━━━━━ Stored data

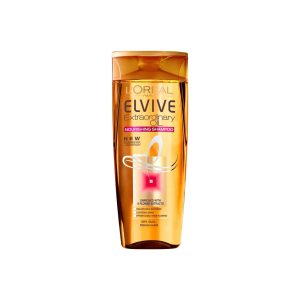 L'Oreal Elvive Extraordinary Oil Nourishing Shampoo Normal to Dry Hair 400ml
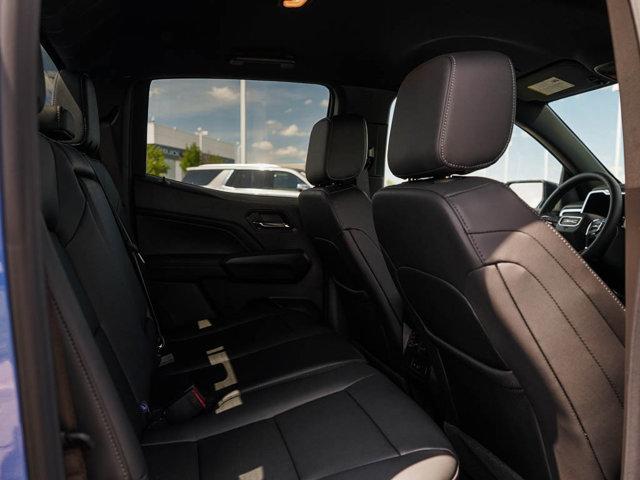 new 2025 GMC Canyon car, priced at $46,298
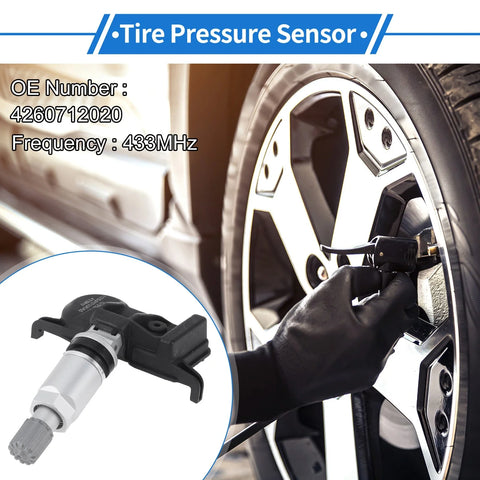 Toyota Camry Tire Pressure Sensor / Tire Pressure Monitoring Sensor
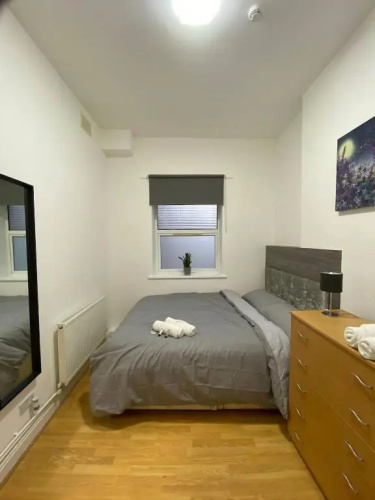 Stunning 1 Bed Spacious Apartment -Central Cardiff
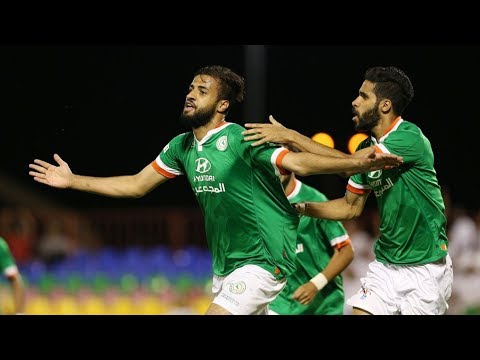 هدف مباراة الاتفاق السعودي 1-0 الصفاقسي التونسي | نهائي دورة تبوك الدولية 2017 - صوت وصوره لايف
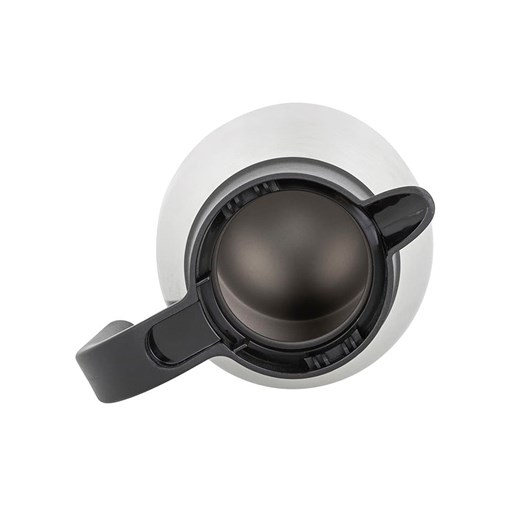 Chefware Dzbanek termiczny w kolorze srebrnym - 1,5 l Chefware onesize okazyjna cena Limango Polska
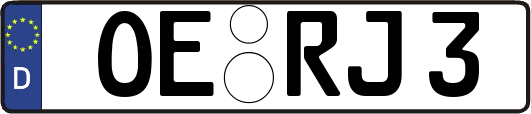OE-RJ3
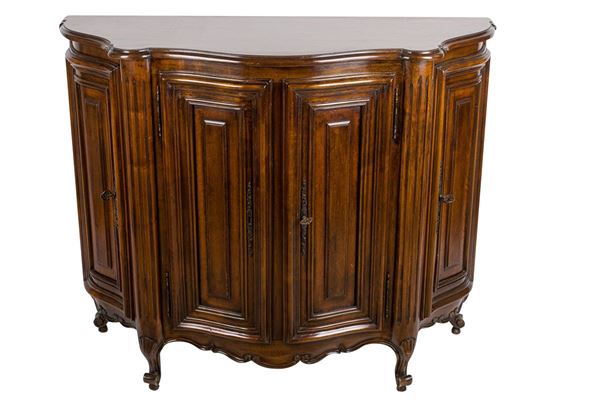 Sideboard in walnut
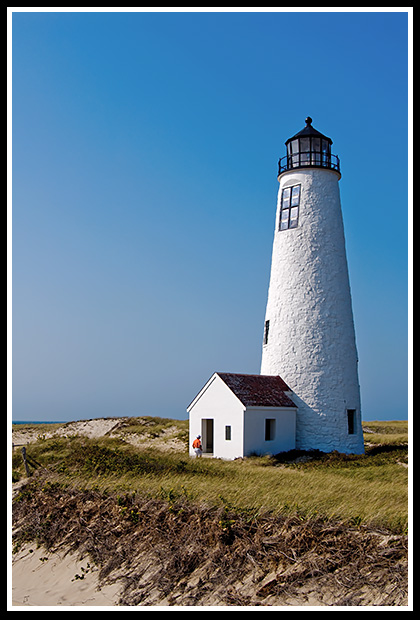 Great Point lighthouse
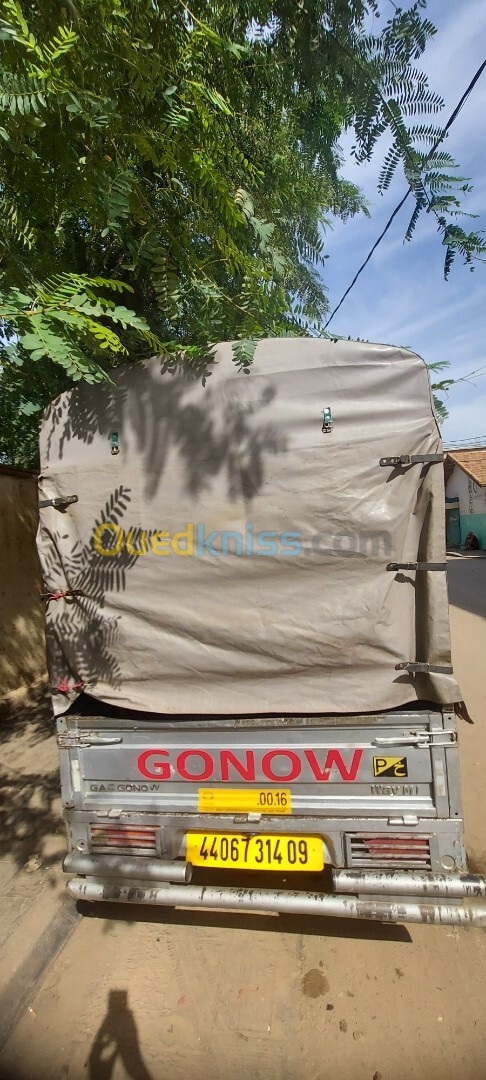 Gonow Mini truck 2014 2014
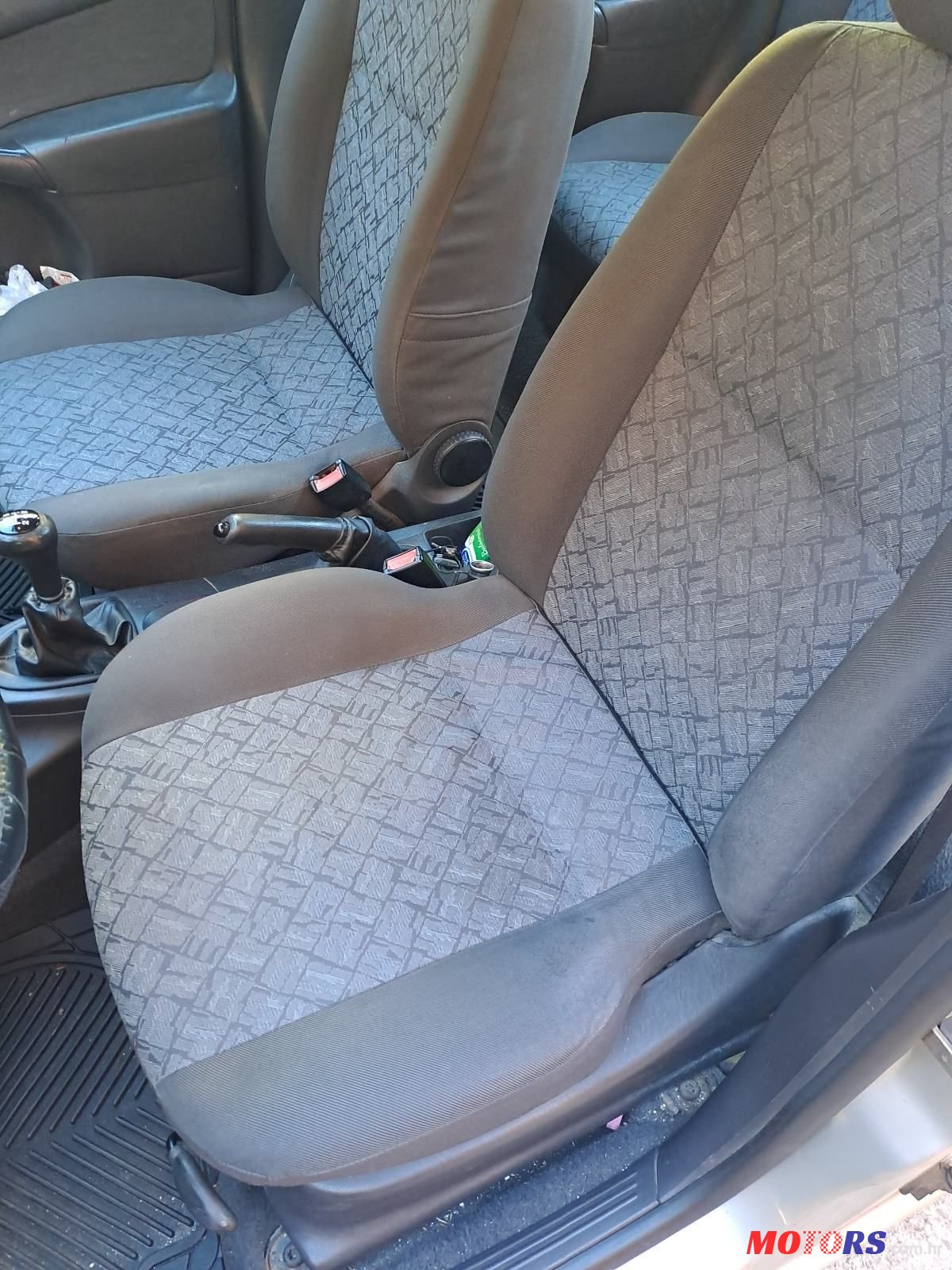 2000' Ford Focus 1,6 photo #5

━━━━━━━━━━

**Try it**
From the line that holds "هدف مباراة الاتفاق" to the last line of the records, please copy each line exactly and nothing else. Pictures stay out.

**Reply to the exercise**
 هدف مباراة الاتفاق السعودي 1-0 الصفاقسي التونسي | نهائي دورة تبوك الدولية 2017 - صوت وصوره لايف
 Chefware Dzbanek termiczny w kolorze srebrnym - 1,5 l Chefware onesize okazyjna cena Limango Polska
OE-RJ3
 Sideboard in walnut
 Great Point lighthouse
 Gonow Mini truck 2014 2014
 2000' Ford Focus 1,6 photo #5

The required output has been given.